Homes in East typically score 68–82.The three-lens summary
What families tell us
Families describe how their relatives have settled in well here, with staff who pick up on individual preferences and respond to them day by day. The atmosphere feels relaxed, and relatives say they've gotten to know both staff and other residents during their visits.
What inspectors have recorded
Staff pay attention to what each resident needs and likes, something families notice across different shifts and visits. They offer activities regularly but let residents choose their level of involvement without any pressure.

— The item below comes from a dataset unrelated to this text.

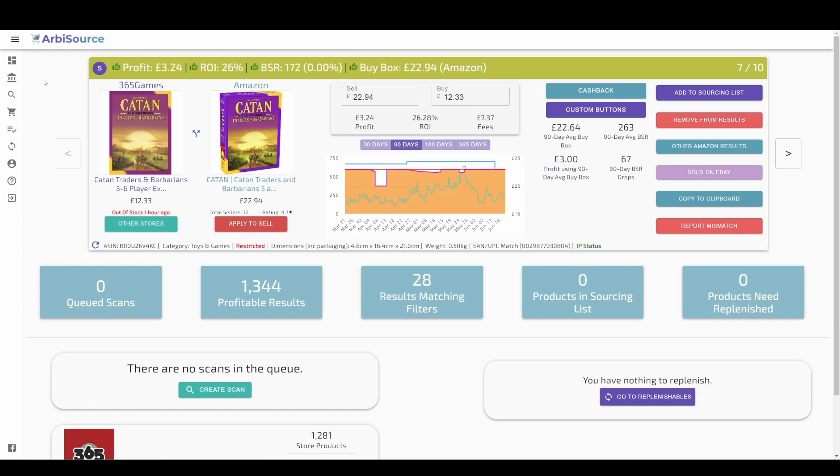Hey! Welcome to Arbisource. Today, we are going to see how Arbisource can be used to find profitable leads for your Amazon business in a matter of minutes.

How it sits against good practice
While most families speak warmly about the care here, it's worth noting that first impressions at reception don't always reflect the kindness found throughout the rest of the home.
Worth a visit
Foxholes Care Home on Pirton Road in Hitchin was rated Good at its most recent inspection in September 2024, with the report published in December 2024. This is a meaningful improvement: the home previously held a Requires Improvement rating, and achieving Good across all five inspection domains, covering safety, effectiveness, care, responsiveness, and leadership, represents genuine progress. The home supports 110 people, including those living with dementia, physical disabilities, and adults both over and under 65, and is run by a registered manager who is also the nominated individual, meaning there is a single named person accountable for everything that happens here. The main caution for you as a family is that the published inspection summary contains very limited specific detail. There are no direct quotes from residents or relatives, no recorded inspector observations of staff interactions, and no specific examples of what Good looks like day to day in this home. That does not mean care is not good; it means you will need to find out for yourself on a visit. The questions in the checklist below, particularly around night staffing, agency use, dementia-specific activities, and how families are kept informed, are the ones this inspection simply did not answer. Go and see for yourself, and ask to speak to the registered manager in person.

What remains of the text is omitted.